Scandlines was privatised in 2007, with 3i and Allianz Capital Partners each acquiring 40% ownership and Deutsche Seereederei holding the remaining 20%. In 2010, Deutsche Seereederei sold its shareholding to 3i and Allianz. In 2013, Allianz sold its 49% stake to 3i. In 2018, First Sentier Investors and Hermes Investment Management acquired shareholdings of 50% and 15% respectively.

Between 1999 and 2015, several Scandlines routes were sold, including Aarhus–Kalundborg to Molslinjen and Helsingør-Helsingborg to ForSea Ferries.

Scandlines currently operates two routes: Gedser–Rostock and Rødby–Puttgarden. The company expects to continue operating on the Rødby–Puttgarden route, with three ferries, despite the planned completion of the Fehmarn Belt tunnel.

==Ferries==
Scandlines operates six hybrid ferries and two freight ferry. In 2022, the two ferries on the Gedser–Rostock route were fitted with rotor sails.
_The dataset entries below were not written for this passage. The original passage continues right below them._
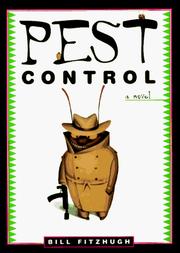 Cover of Pest Control by Bill Fitzhugh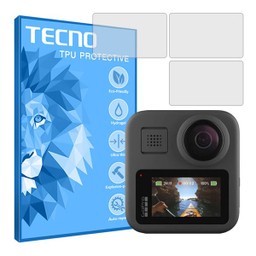 محافظ صفحه نمایش شفاف دوربین تکنو  مدل HyGEL مناسب برای دوربین فیلم برداری گوپرو MAX 360 بسته 3 عددی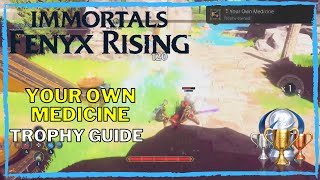 Immortals Fenyx Rising - Your Own Medicine Trophy Guide / Your Own Medicine Achievement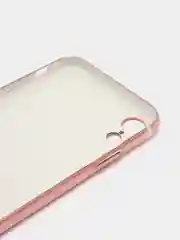 Розовый чехол для iPhone XR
===Rødby–Puttgarden route===

| Name | Built / Service | Tonnage | Passengers | Notes | Images |
|---|---|---|---|---|---|
| Prins Richard | 1997 | 14.621 | 1140 | Hybrid |  |
| Prinsesse Benedikte | 1997 | 14.621 | 1140 | Hybrid |  |
| Schleswig-Holstein | 1997 | 15.187 | 1200 | undergoing retrofit to Plug-in Hybrid |  |
| Deutschland | 1997 | 15.187 | 1200 | Plug-in Hybrid |  |

===Gedser–Rostock route===

| Name | Built / Service | Tonnage | Passengers | Notes | Images |
|---|---|---|---|---|---|
| Berlin | 2012 | 22.319 | 1.300 | Hybrid and rotor sail | Berlin before rotor sail |
| Copenhagen | 2012 | 22.319 | 1.300 | Hybrid and rotor sail | Copenhagen with rotor sail |

The ferries M/F Berlin and M/F Copenhagen operate the regular services on the Gedser–Rostock route. Approximately nine daily sailings are operated in each direction, with departures typically spaced at intervals of two to three hours. The crossing time on the route is approximately two hours.

===Freight ferry===

| Name | Built / Service | Tonnage | Passengers | Notes | Images |
|---|---|---|---|---|---|
| The Baltic Whale | 2024 / 2025- | 14.098 | 140 | E-Ferry Freight |  |

In November 2021, it was announced that the company has ordered a double-end 10 MWh battery-electric ferry from Cemre Shipyard for the Puttgarden-Rødby route. The new vessel was due to enter service in 2024 and will have two-deck loading alongside a freight capacity of 66 HGVs, or some 1200 lane metres.

===Former ferrys===

| Name | Built / Service | Tonnage | Passengers | Notes | Images |
|---|---|---|---|---|---|
| Kronprins Frederik | 1981 | 16.071 | 1400 | To be scrapped in Esbjerg |  |
| Holger Danske | 1976 | 2.779 | 600 | Scrapped in 2022, in Grenå |  |

==Harbours==
Scandlines owns the harbour areas in Rødby, Gedser, and Puttgarden, and leases an area in the harbour of Rostock.